What did the Endrew F. v. Douglas County School District decision change about the FAPE standard?

The Endrew F. v. Douglas County School District decision, decided unanimously by the U.S. Supreme Court in 2017, significantly raised the legal standard for what constitutes a free appropriate public education under IDEA. Prior to Endrew F., many courts had applied a standard derived from the Court's 1982 decision in Board of Education v. Rowley — often interpreted as requiring only that an IEP confer "some educational benefit" or provide more than a "de minimis" benefit. Under this interpretation, as long as a student was making any measurable progress, even very minimal progress, the district's obligation was satisfied. In Endrew F., the Court unanimously rejected this minimal interpretation. Chief Justice Roberts wrote for the Court that IDEA requires educational programming "reasonably calculated to enable a child to make progress appropriate in light of the child's circumstances." For students in the regular education environment, this means educational programming that enables meaningful progress toward grade-level standards. For students unable to access the general curriculum, it means IEPs ambitious enough to provide meaningful advancement given their individual circumstances.

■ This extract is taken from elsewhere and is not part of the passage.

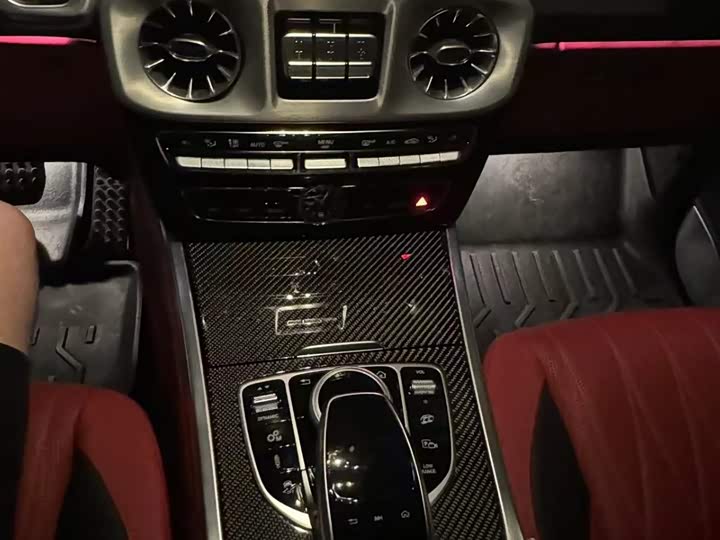 Фото 4 - Mercedes-Benz G-Class AMG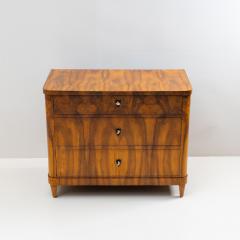Biedermeier Chest of Drawers in Walnut circa 1830 - 4410746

The "de minimis" benefit standard explicitly fails this test. For special education administrators, Endrew F. has concrete implications that ED7557 develops in detail: IEP teams must develop ambitious, individualized programs that set genuine stretch goals for student progress — not minimal compliance goals. IEPs must be grounded in substantive assessment of each student's individual circumstances and what progress is appropriate given those circumstances. The "more than nothing" standard is insufficient. Districts must be able to explain and justify their educational programming as reasonably calculated to enable appropriate progress for each individual student. The decision raised both the bar for FAPE and the liability exposure for districts that write IEPs reflecting low expectations or inadequate programming — making the legal literacy that ED7557 develops essential for every special education administrator.